··· Data for the task

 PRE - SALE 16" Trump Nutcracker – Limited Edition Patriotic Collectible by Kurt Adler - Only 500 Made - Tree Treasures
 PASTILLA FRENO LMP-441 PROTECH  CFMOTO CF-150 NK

······
··· Data for the task

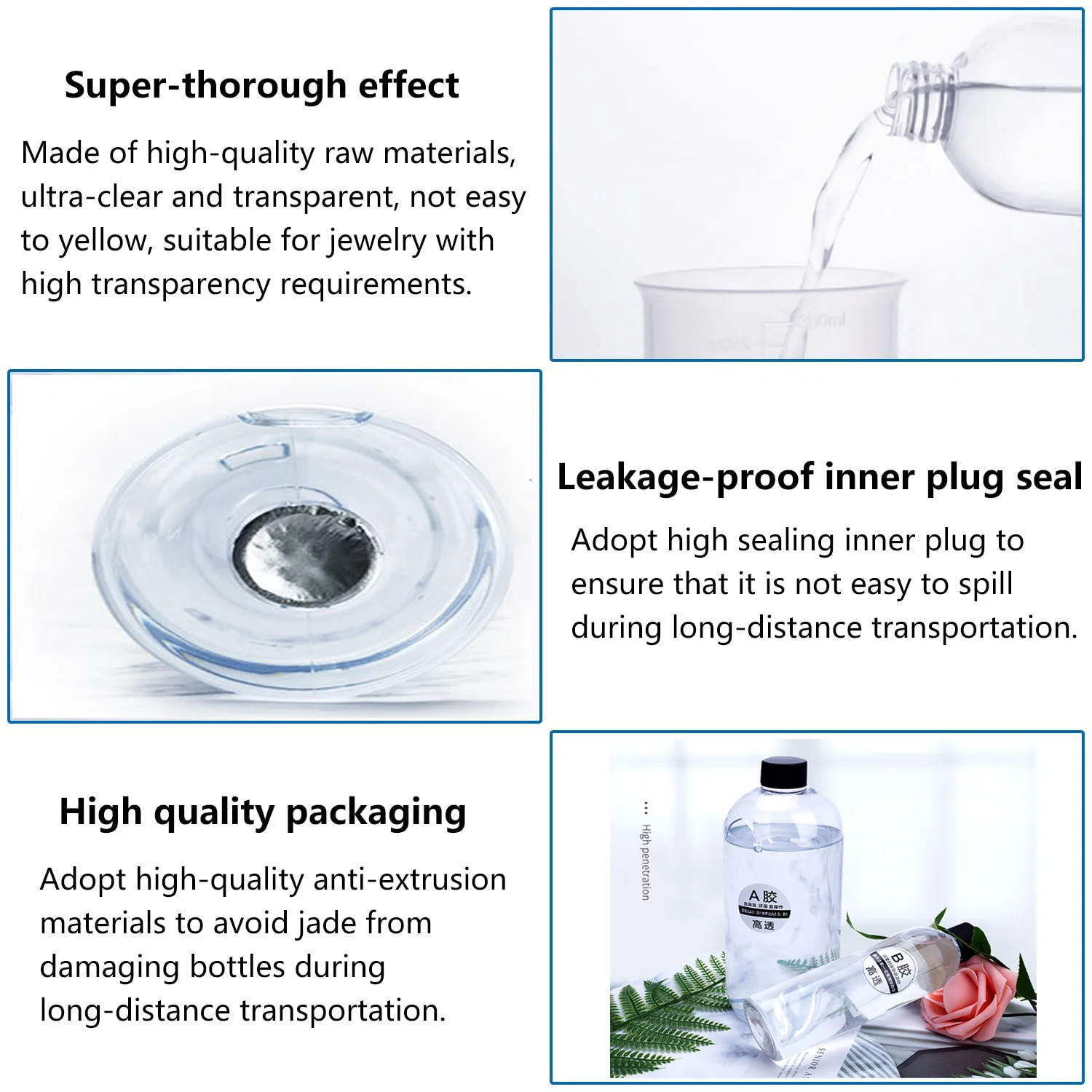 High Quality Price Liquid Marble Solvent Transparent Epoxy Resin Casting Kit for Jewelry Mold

······

*Exercise:* Given the records above, reproduce precisely and only the lines between the line holding "- Tree Treasures" and the line holding "PASTILLA FRENO LMP-441", inclusive.

*Task output:*
 PRE - SALE 16" Trump Nutcracker – Limited Edition Patriotic Collectible by Kurt Adler - Only 500 Made - Tree Treasures
 PASTILLA FRENO LMP-441 PROTECH  CFMOTO CF-150 NK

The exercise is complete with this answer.